Braumann, U.-D., Scherf, N., Einenkel, J., Horn, L.-C., Wentzensen, N., Loeffler, M., et al. (2007). Large histological serial sections for computational tissue volume reconstruction. Methods of Information in Medicine, 46(5), 614-622. doi:10.1160/ME9065.


Cite as: https://hdl.handle.net/21.11116/0000-0007-B957-7
Abstract


Objectives: A proof of principle study was conducted for microscopic tissue volume reconstructions using a new image processing chain operating on alternately stained large histological serial sections.

Methods: Digital histological images were obtained from conventional brightfield transmitted light microscopy. A powerful nonparametric nonlinear optical flow-based registration approach was used. In order to apply a simple but computationally feasible sum-of-squared-differences similarity measure even in case of differing histological stainings, a new consistent tissue segmentation procedure was placed upstream.

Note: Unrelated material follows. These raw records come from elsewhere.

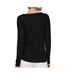 Pull noir femme only geena - m-2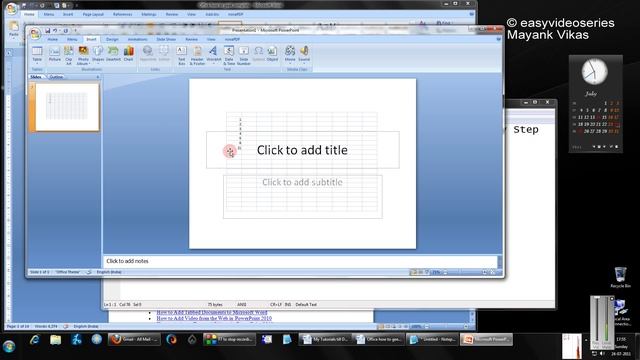 Embed an Excel Worksheet Into PowerPoint or Word 2007 Step By Step Tutorial смотреть онлайн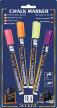 Securit krijtmarker small blister met 4 stuks in geassorteerde fun kleuren 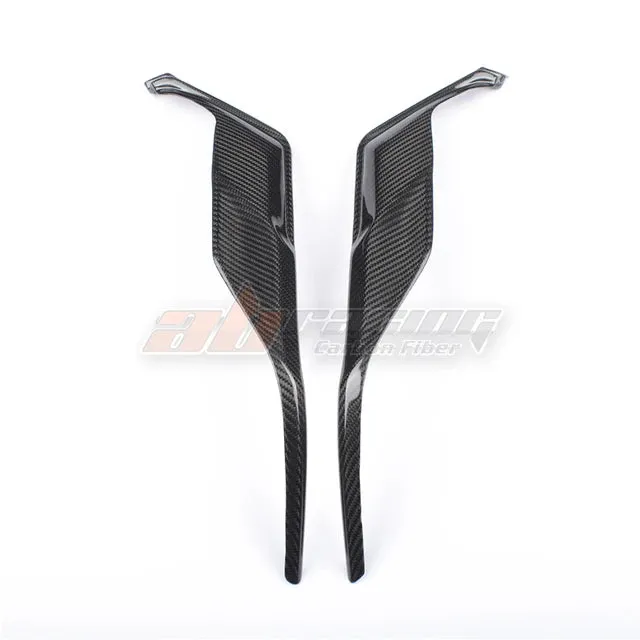 Motorcycle Black Under Tank Side Panels Fender For Triumph Daytona 675 Street Triple 2013-2019 Full Carbon Fiber 100%
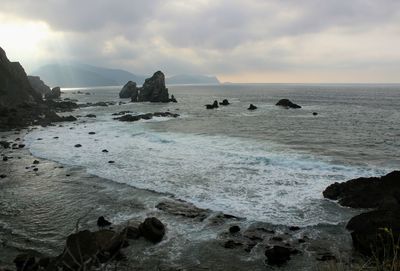 Scenic view of sea against sky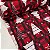Oxford Estampado de Natal Xadrez Vermelho e Preto com Pinheiros - Imagem 1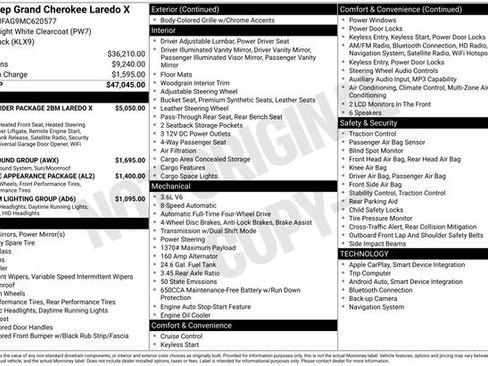 Used 2021 Jeep Grand Cherokee Laredo X image 25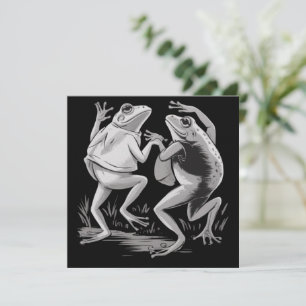 Invitation Grenouilles dansantes Toad Goblincore Académie som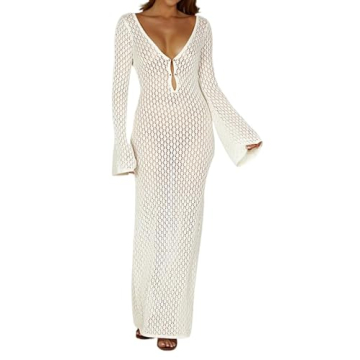 Chic Leoparts Women’s Crochet Swimsuit Cover-Up
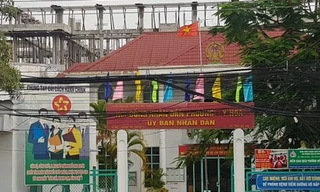 Trụ sở Đảng ủy, UBND phường Mỹ Hòa, nơi ông Thạo đang làm bí thư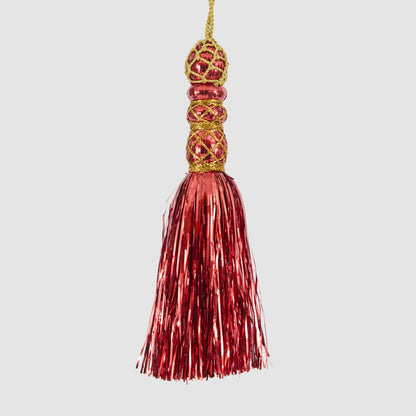 Tinseltown Tassel Decoration Red 2 pcs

Results: Two reconstructions from uterine cervix carcinoma specimen were accomplished, one alternately stained with p16(INK4a) (surrogate tumor marker) and H&E (routine reference), and another with three different alternate stainings, H&E, p16(INK4a), and CD3 (a T-lymphocyte marker). For both cases, due to our segmentation-based reference-free nonlinear registration procedure, resulting tissue reconstructions exhibit utmost smooth image-to-image transitions without impairing warpings.

Conclusions: Our combination of modern nonparametric nonlinear registration and consistent tissue segmentation has turned out to provide a superior tissue reconstruction quality.